As Derek Zoolander would say, my baby girl is not an ambi-turner. Ever since we brought her home from the hospital, she’s favored her left side, dropping that cheek to the mattress every night when we put her to bed, and only wiggling in that direction underneath her little activity gym. “Maybe she’ll be left-handed! And endowed with all that bonus creativity!” we lied to ourselves.
And now, my baby’s head is a trapezoid.
A baby’s skull is a malleable thing, expertly designed by nature to more easily (note: not easily, just more easily) pass through the birth canal before it’s entirely fused. So in the first few months of life, head shape is in flux. My sister, a nurse at a prestigious neonatal intensive-care unit, told me about the Tortle; it’s what they use on babies at the hospital to avoid Flat Head Syndrome (real name). It’s a soft hat with a finlike air pocket designed to keep baby from putting pressure on certain spots. It’s soft and rather cozy, and this little hat is keeping my beautiful baby from forming the kind of melon that garners unfortunate elementary-school nicknames.

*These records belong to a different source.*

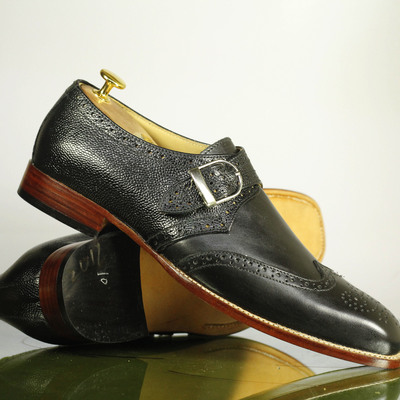 Handmade men's black wing tip monk shoes, men's leather dress shoes - Thumbnail 1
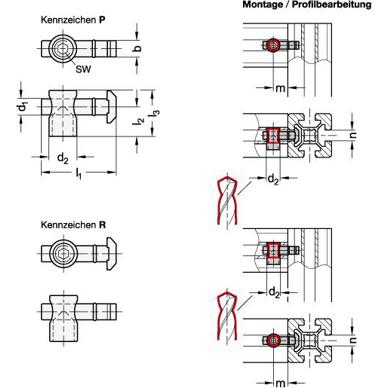 Schnellspannverbinder aus Stahl für Aluprofile (b-Baukasten) - Asymmetrischer Montagebolzen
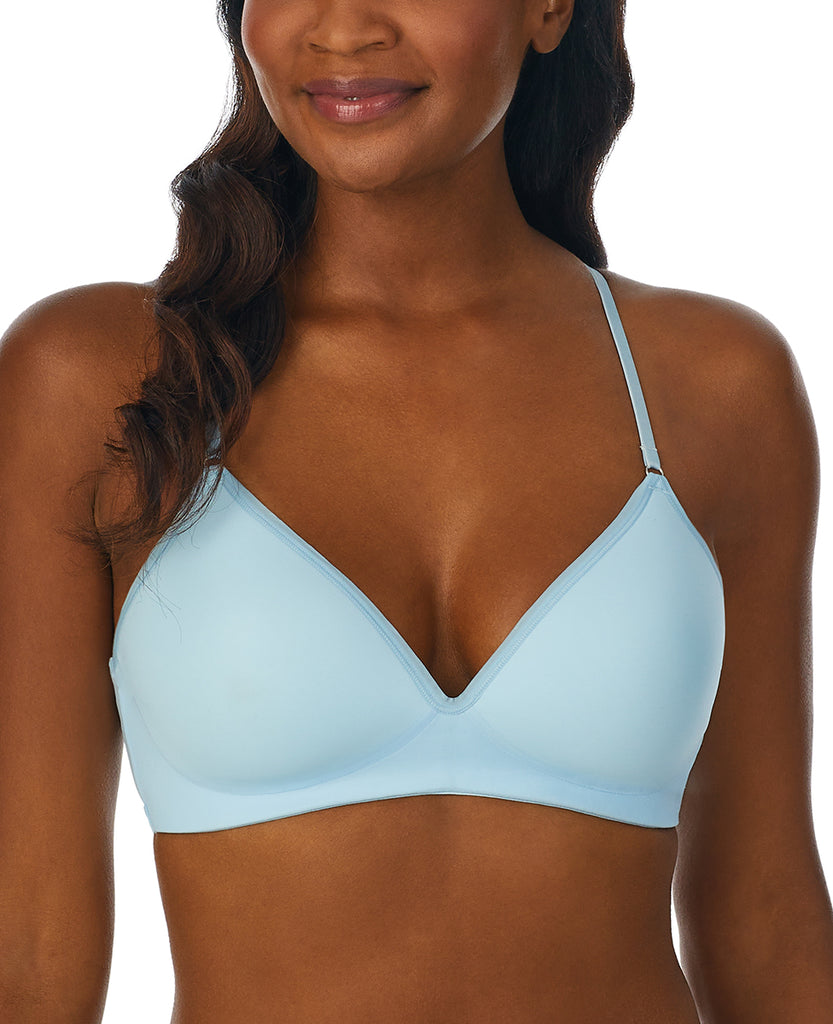 A lady wearing cerulean Next To Nothing Micro Wireless Bra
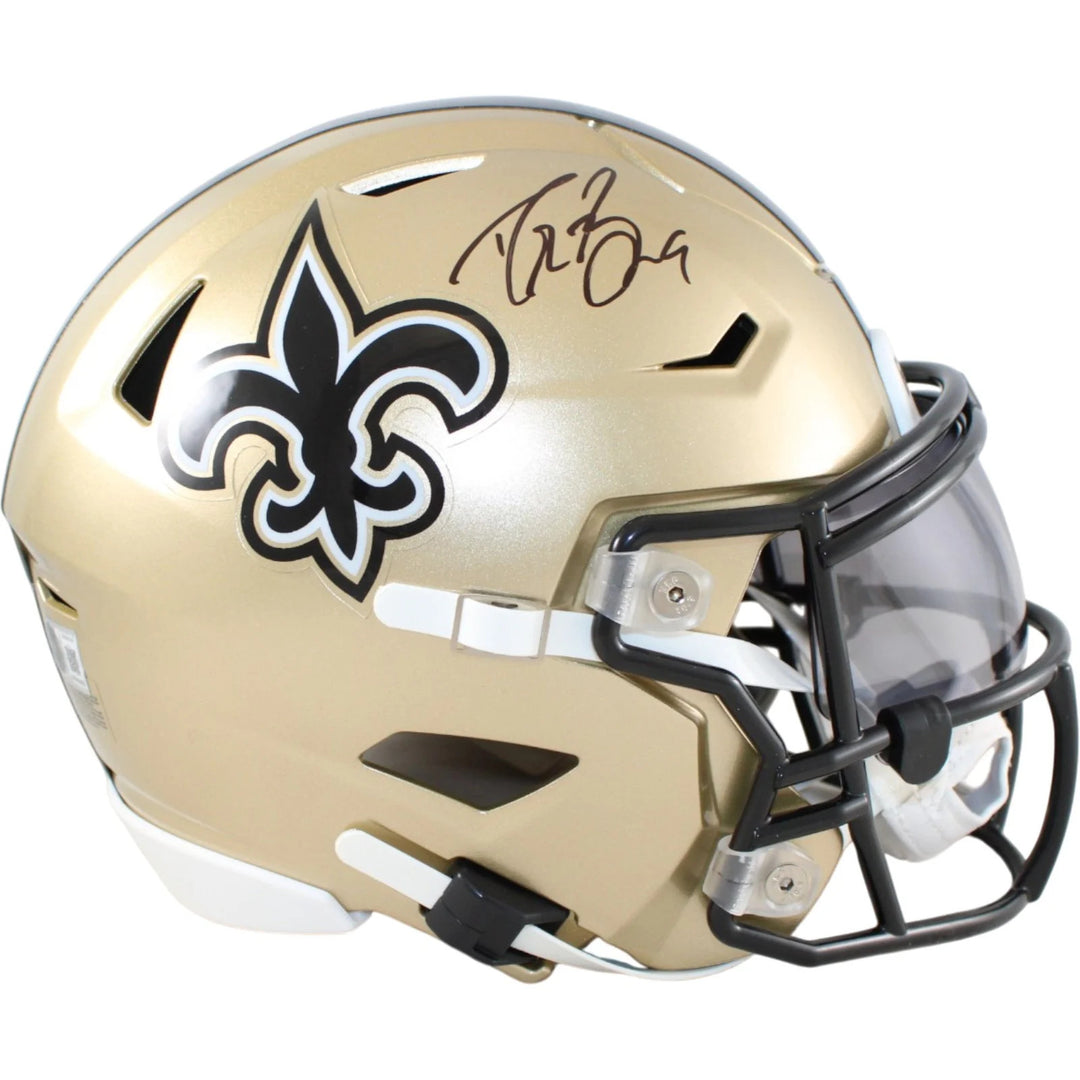 Drew Brees Autographed New Orleans Saints Mid-Size Midi Helmet Beckett WIT 58424
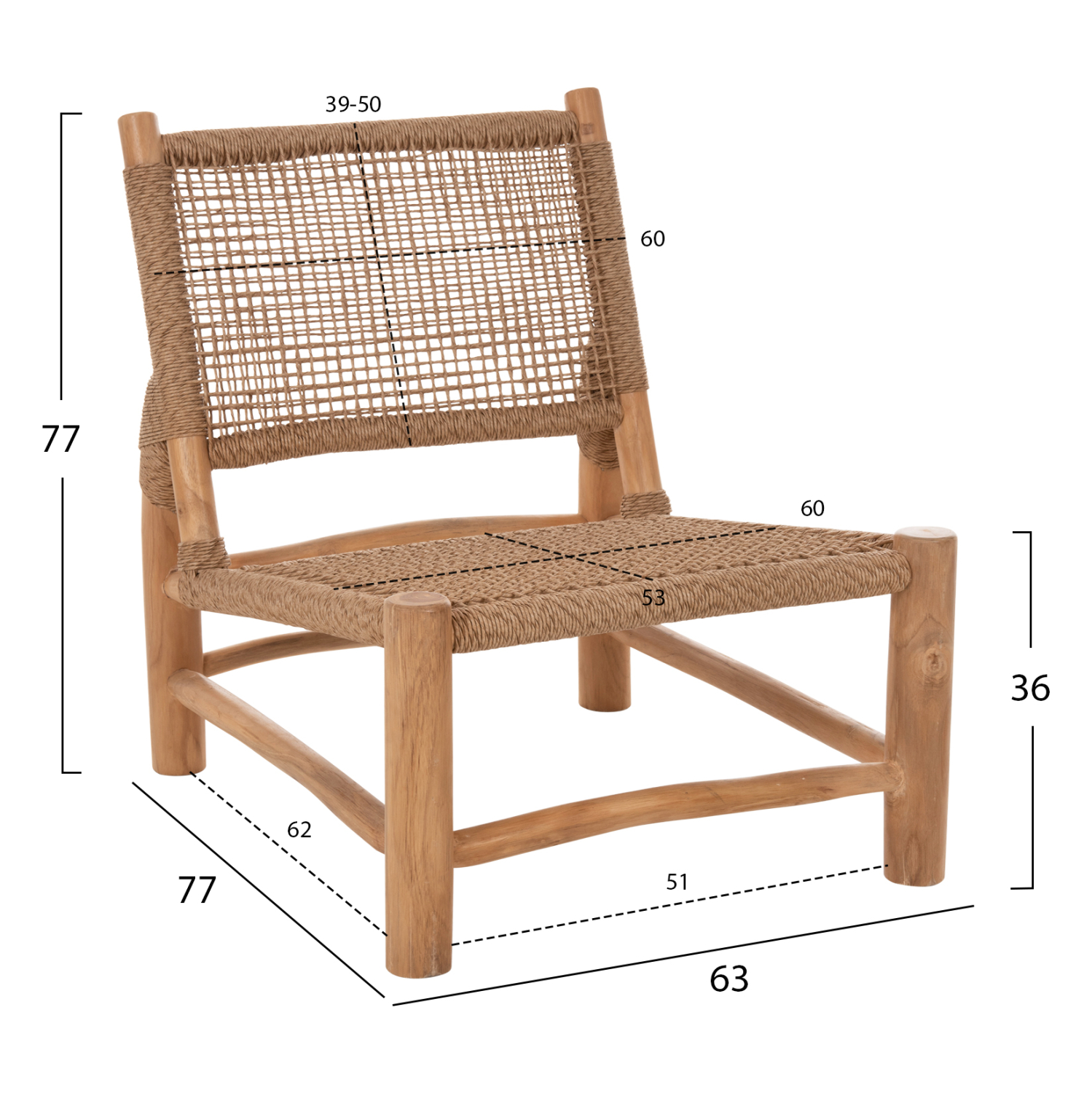ΚΑΡΕΚΛΑ LONDER ΞΥΛΟ TEAK ΣΕ ΦΥΣΙΚΟ ΚΑΙ ΣΥΝΘΕΤΙΚΟ RATTAN 63x77x77Υεκ. 2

The Tortle does two things: prevents or corrects flat spots by keeping weight off of them, and helps baby with torticollis, the condition that keeps my little one turning left, no matter how much we snap our fingers on her right. (Also, snapping your fingers next to a 3-month-old’s head never elicits a response, so that is just bad parenting.) Her teeny little neck muscles are more relaxed on that one side, maybe from the way she was wedged in my uterus. The Tortle keeps her head turned to the right while she naps, or jaunts about the neighborhood in her stroller. And slowly, slowly, slowly, it’s stretching her neck muscles and giving her more range of motion.
Now, once the cap is on, you have to make sure it’s tight. Seriously tight. You should also know that this isn’t a miracle product. We’ve been using it for about a month, and her head still isn’t a bowling ball. But it gives you a slight break from one more thing you’ve been stressing about.